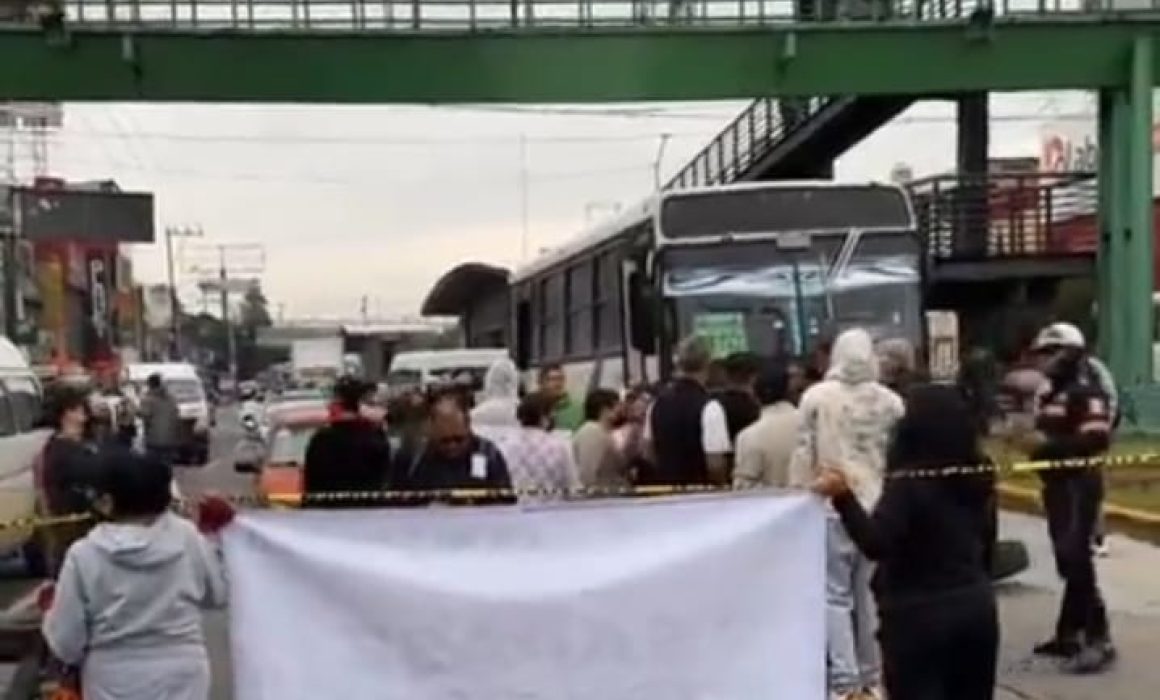 Bloquean Vía Morelos y suspenden tramo del Mexibús Línea 4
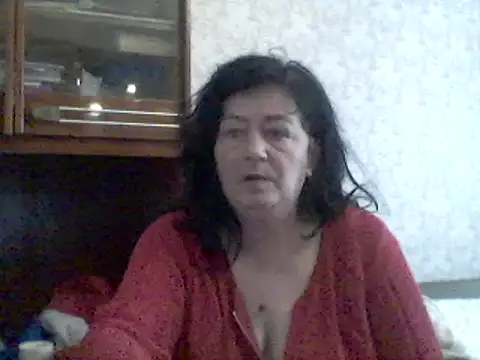 GypsiQueen2 online show from February 15, 2025, 8:44 am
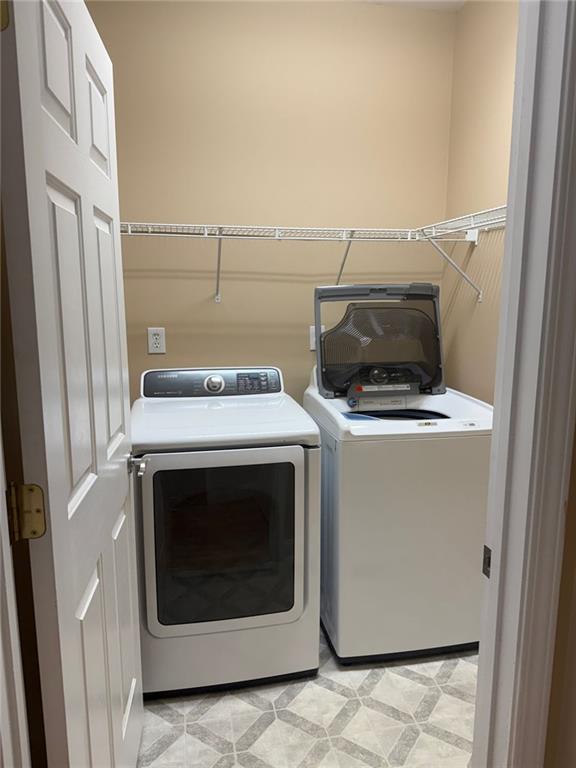 Image for property 1919 BARRETT KNOLL Circle, Kennesaw, GA 30152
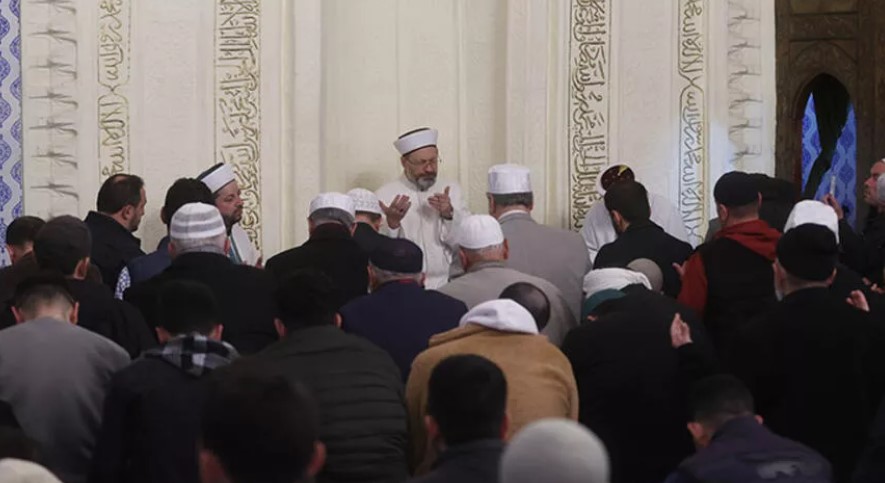 Diyanet İşleri Başkanı Erbaş, depremde ölen vatandaşlar için dua etti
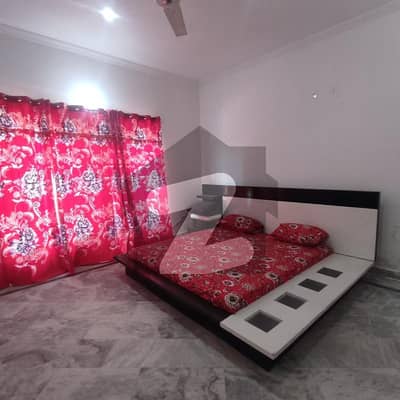 1 Kanal Upper Portion Available For Rent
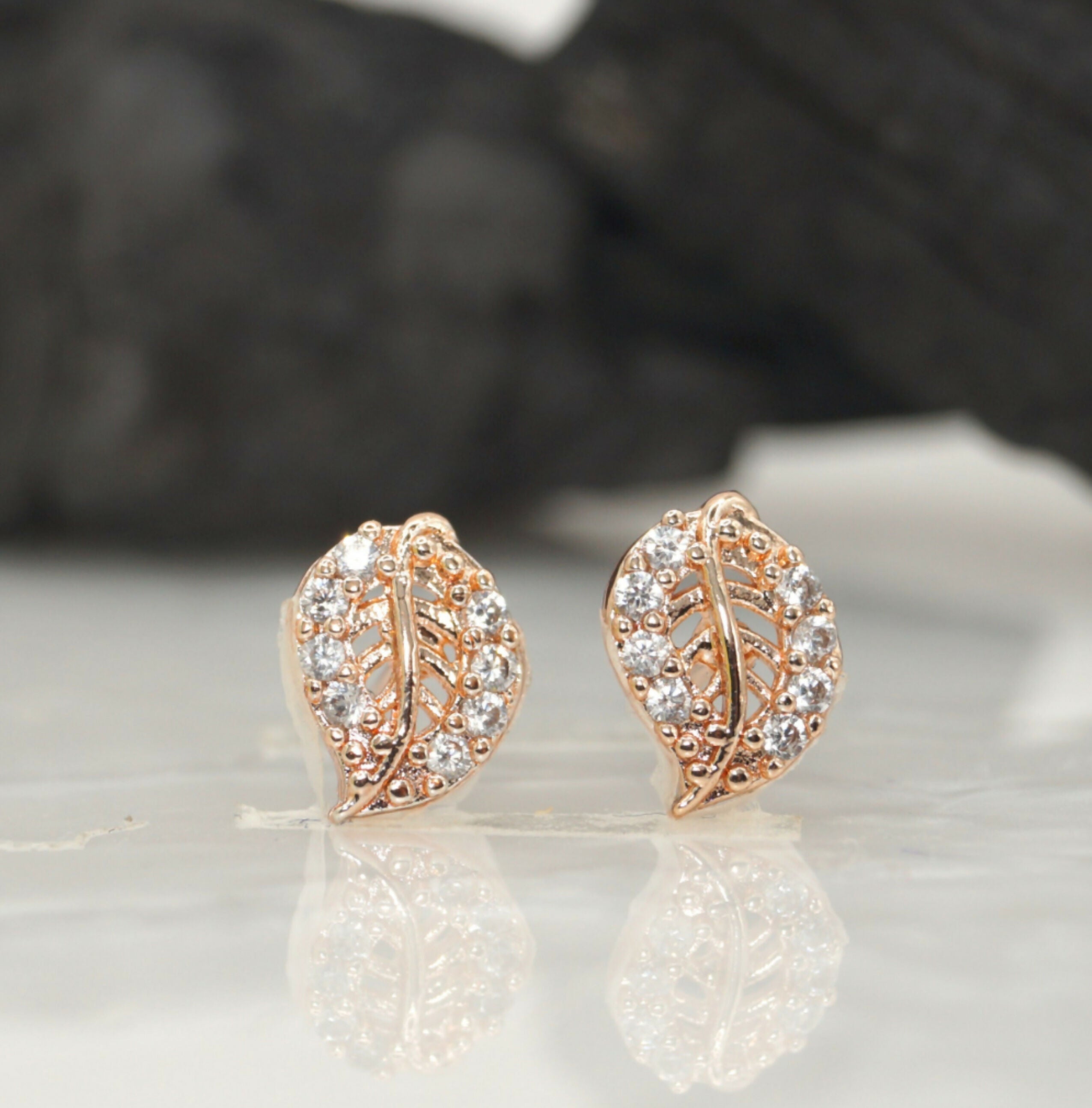 Rose Gold Leaf Stud Earrings – Elegant Sparkle for Women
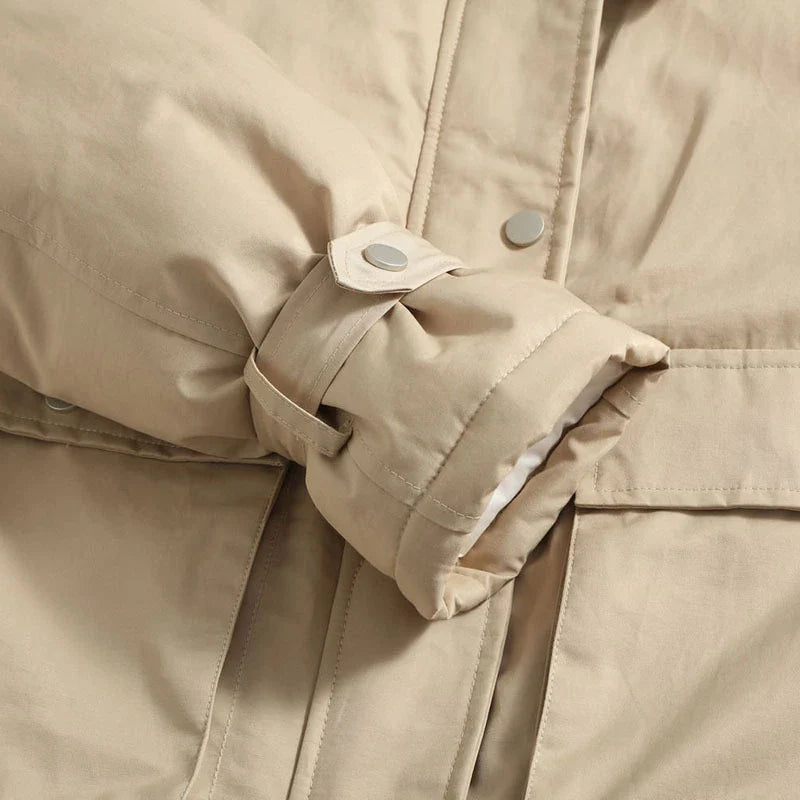 Fashionable women's down-filled jacket in various colors, designed for casual wear and everyday activities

* [WORK ORDER] Write the lines from the one with "1 Kanal Upper Portion Available For Rent" through the last line of the entries out again exactly, both ends included, and skip the pictures.

* [WRITTEN RESPONSE]
 1 Kanal Upper Portion Available For Rent
 Rose Gold Leaf Stud Earrings – Elegant Sparkle for Women
 Fashionable women's down-filled jacket in various colors, designed for casual wear and everyday activities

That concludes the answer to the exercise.